A voir toutes ces réalisations de Janine, on croirait qu’aucune place n’est réservée à sa vie privée. Mariée depuis 6 ans, elle estime que « le mariage est le partenariat le plus important. Le partenaire est un soutien, un support, quelqu’un avec qui on a du plaisir à partager sa vie ». Elle aime bien être élégante. Ses tenues préférées ? « Je change énormément de tenues, selon les activités. Tout dépend des occasions », répond-elle. Pour cela, elle prend bien soin de sa ligne en s’adonnant à tous genres de sports, comme une parfaite sportive : jogging, tennis, natation, mais aussi la lecture, l’écriture, le cinéma et … la cuisine. « J’adore la cuisine italienne. J’aime aussi le sushi », remarque-t-elle.

De nouveau, Janine retourne avec enthousiasme à ses projets. Pour elle, la jeunesse actuelle est pleine de vie, d’enthousiasme et de rêve. « Certains n’ont pas l’opportunité de vivre pleinement leur jeunesse, de se cultiver plus, de voyager, d’avoir davantage d’expériences pour avoir plus de confiance en soi. Je leur dirai que la lecture est très importante dans la vie. Lire, c’est s’instruire et s’enrichir. La responsabilité incombe en premier et en dernier lieu aux parents pour initier leurs enfants à la lecture, au voyage et à la vie. La jeunesse tombe parfois dans l’erreur, c’est le Choix avec un grand C qu’elle doit faire quelque part dans sa vie », souligne-t-elle.

Janine n’a pas encore fini de parler. Plein de projets grouillent dans sa tête. « Après l’album, ce sera le tour d’un film en français dont je tiens le rôle principal : Khloé, du nom d’une déesse grecque, coécrit avec Riad Bahsoun et filmé entre Beyrouth, Paris et New York. Nous sommes entrés dans la phase de la production avec StudioCanal LGM et JRW Entertainment », poursuit-elle. Le film commence en Orient et se termine en Occident, traitant avec plein d’émotions l’âge d’une femme, son amour, sa déception, la trahison, etc. dans les menus détails. Janine ajoute : « J’ai eu une proposition de film sur la vie de Dalida. Mais j’ai préféré m’éloigner parce qu’il y a trop de ressemblance avec elle, alors que j’ai besoin de révéler ma propre identité.
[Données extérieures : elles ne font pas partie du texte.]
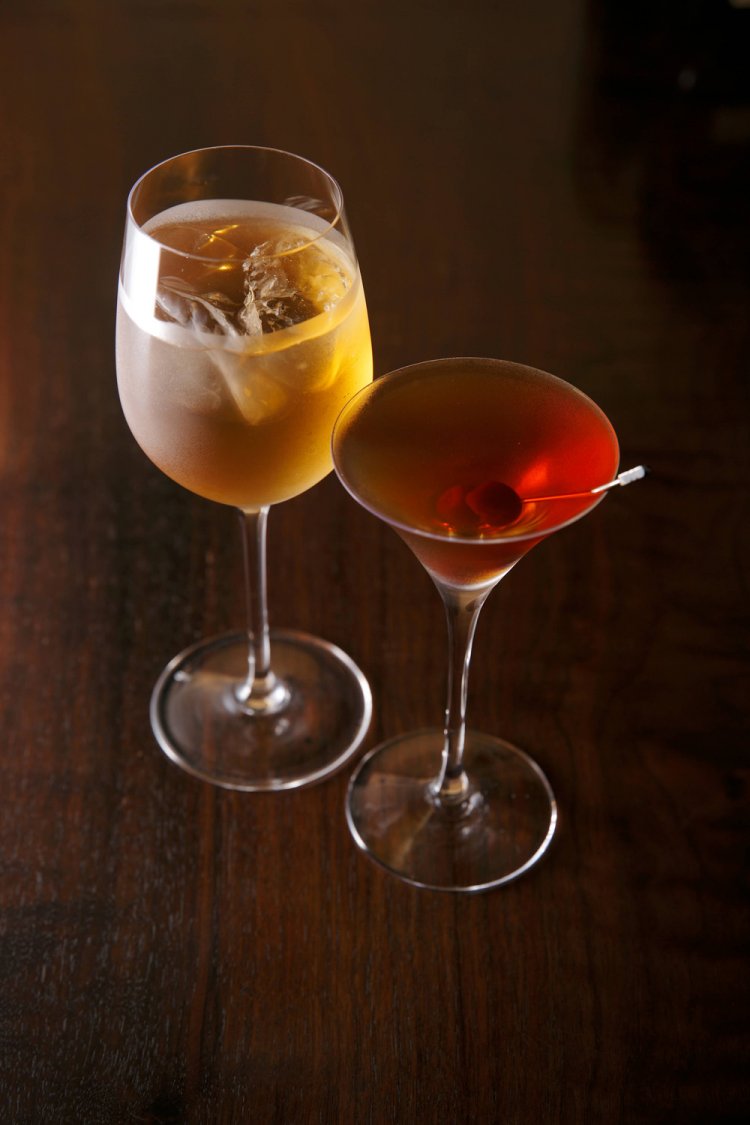 ピノ・デ・シャラント(左)、ロブ・ロイ各1600円。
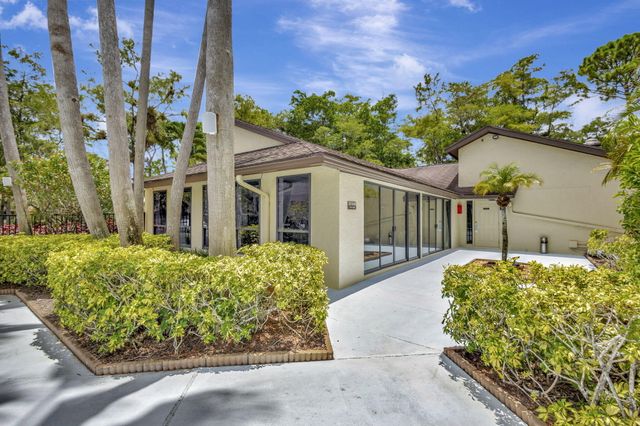 140 KARANDA Court, Royal Palm Beach, FL 33411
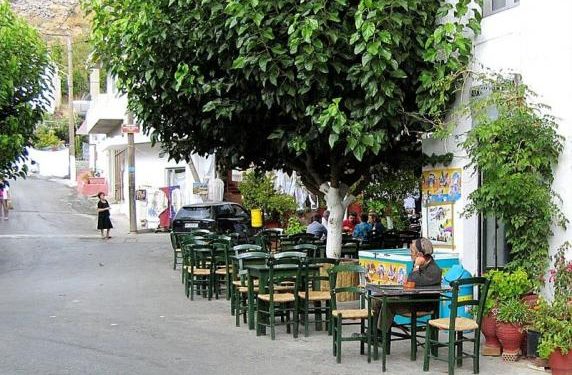 Ανατροπή για το φονικό στα Ανώγεια: Ο γιος του θύματος πυροβόλησε τον θύτη με έξι σφαίρες και εξαφανίστηκε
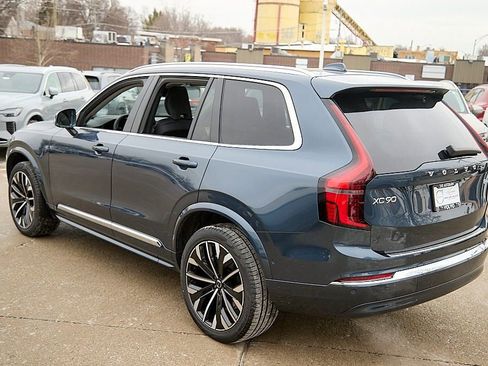 New 2026 Volvo XC90 B6 Ultra w/ Protection Package image 7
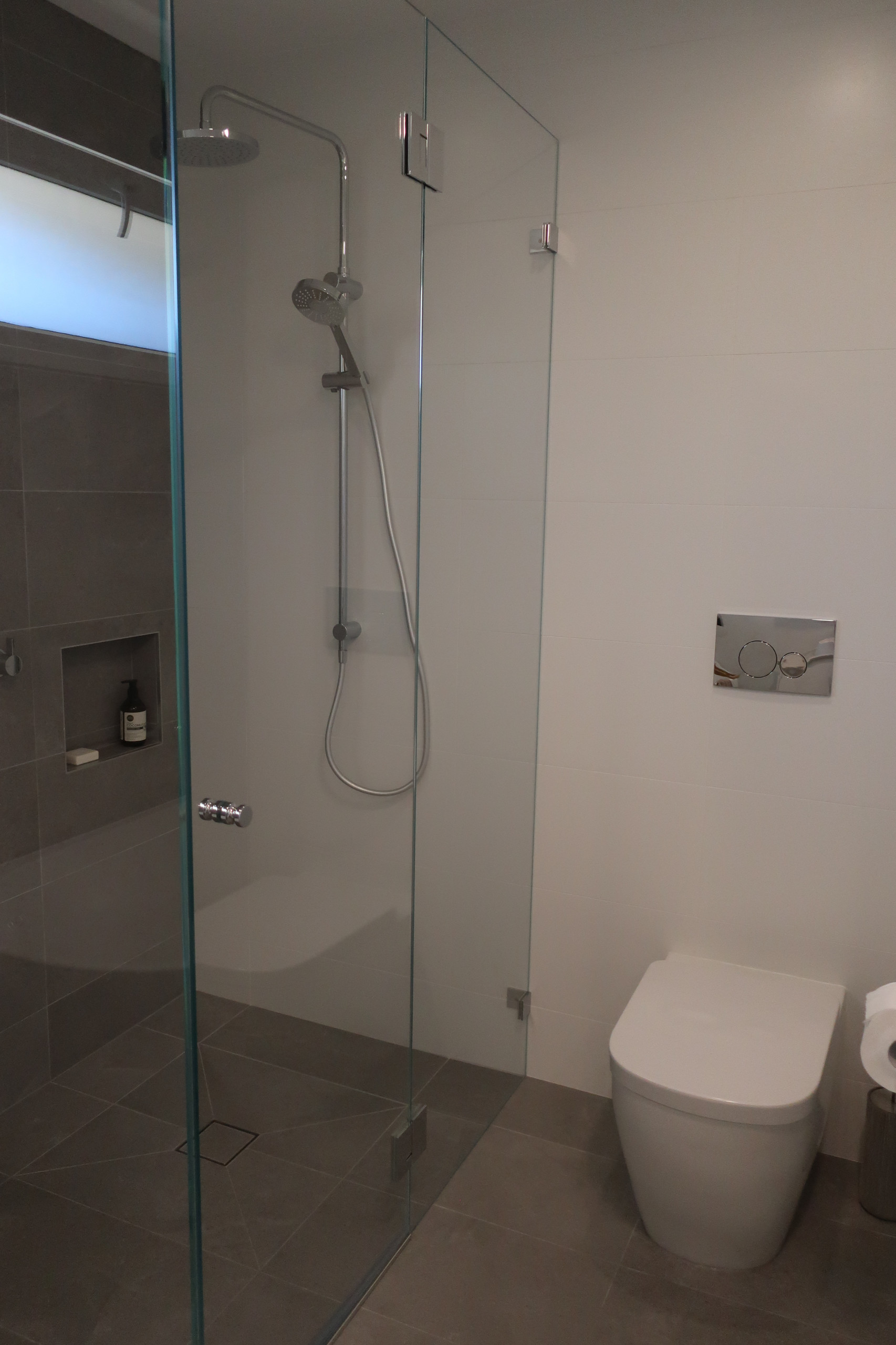 FIX OUR BROKEN BATHROOM PLEASE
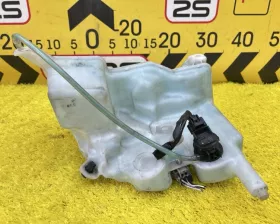 Бачок стеклоомывателя Toyota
Par contre, j’aimerais bien jouer le rôle de Dalida, dans une étape particulière de sa vie, peut-être la période qui l’a liée à François Mitterrand ». Il semble que les rêves de Janine sont sans fin, car elle pense déjà à une coproduction d’une trilogie d’un film américain … Inch Allah dans le futur très proche ...

Mireille Bridi

 

 

 

Jalons

 

14 novembre … : Naissance à Beyrouth.

2005 : Etudes de théâtre musical au Conservatoire national Herbert Berghof à New York.

2007 : Fondation de la maison de production Rockworld, et lancement de l’album Salam (salut).

Fin 2008 : Sortie de son deuxième clip Ya sareq omri.

2009 : Lancement de son troisième clip Enta ya.

2010-2011 : Chorégraphie musicale Gebran, lawhet omr, opéra ballet joué en Europe, aux Etats-Unis et au Moyen-Orient, notamment au Liban, au Festival international de Batroun.

2012 : Clip Regard sur le Printemps arabe, écrit, produit et dirigé par Janine D. et le film Cloclo, une coproduction cinématographique française.

2012 : Production du second album Raksa et du film Khloé.